__What you have to do__: Of the material below, the lines to be retyped are those from the line containing "October 12, 2017" through the line containing "Курс евро обновил", inclusive; reproduce them exactly.

__Records for processing__:
:::
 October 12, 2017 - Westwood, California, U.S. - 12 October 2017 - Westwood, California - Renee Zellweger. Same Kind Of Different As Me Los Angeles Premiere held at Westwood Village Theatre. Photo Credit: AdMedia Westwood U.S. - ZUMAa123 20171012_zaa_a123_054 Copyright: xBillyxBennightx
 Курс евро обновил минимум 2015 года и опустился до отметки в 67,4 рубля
:::
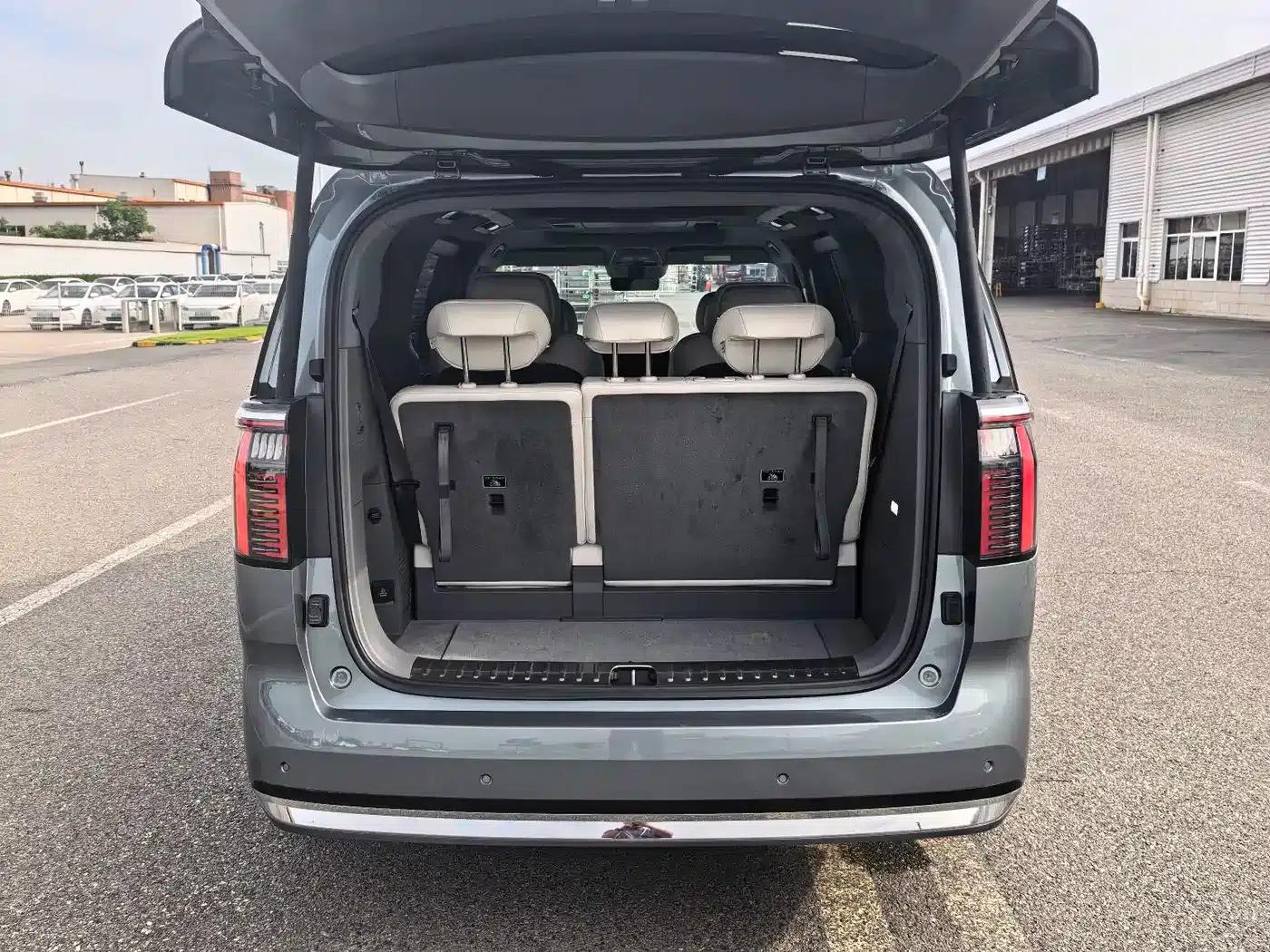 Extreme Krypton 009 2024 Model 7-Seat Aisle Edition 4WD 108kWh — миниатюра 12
:::
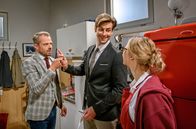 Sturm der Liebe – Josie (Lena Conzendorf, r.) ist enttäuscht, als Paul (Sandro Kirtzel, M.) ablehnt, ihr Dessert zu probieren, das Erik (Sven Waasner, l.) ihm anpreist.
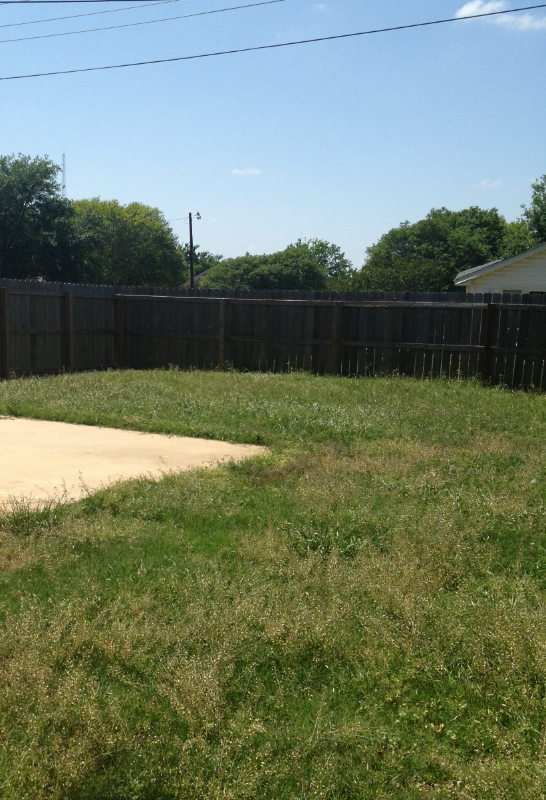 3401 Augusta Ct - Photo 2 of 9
:::
__Response for this exercise__:
 October 12, 2017 - Westwood, California, U.S. - 12 October 2017 - Westwood, California - Renee Zellweger. Same Kind Of Different As Me Los Angeles Premiere held at Westwood Village Theatre. Photo Credit: AdMedia Westwood U.S. - ZUMAa123 20171012_zaa_a123_054 Copyright: xBillyxBennightx
 Курс евро обновил минимум 2015 года и опустился до отметки в 67,4 рубля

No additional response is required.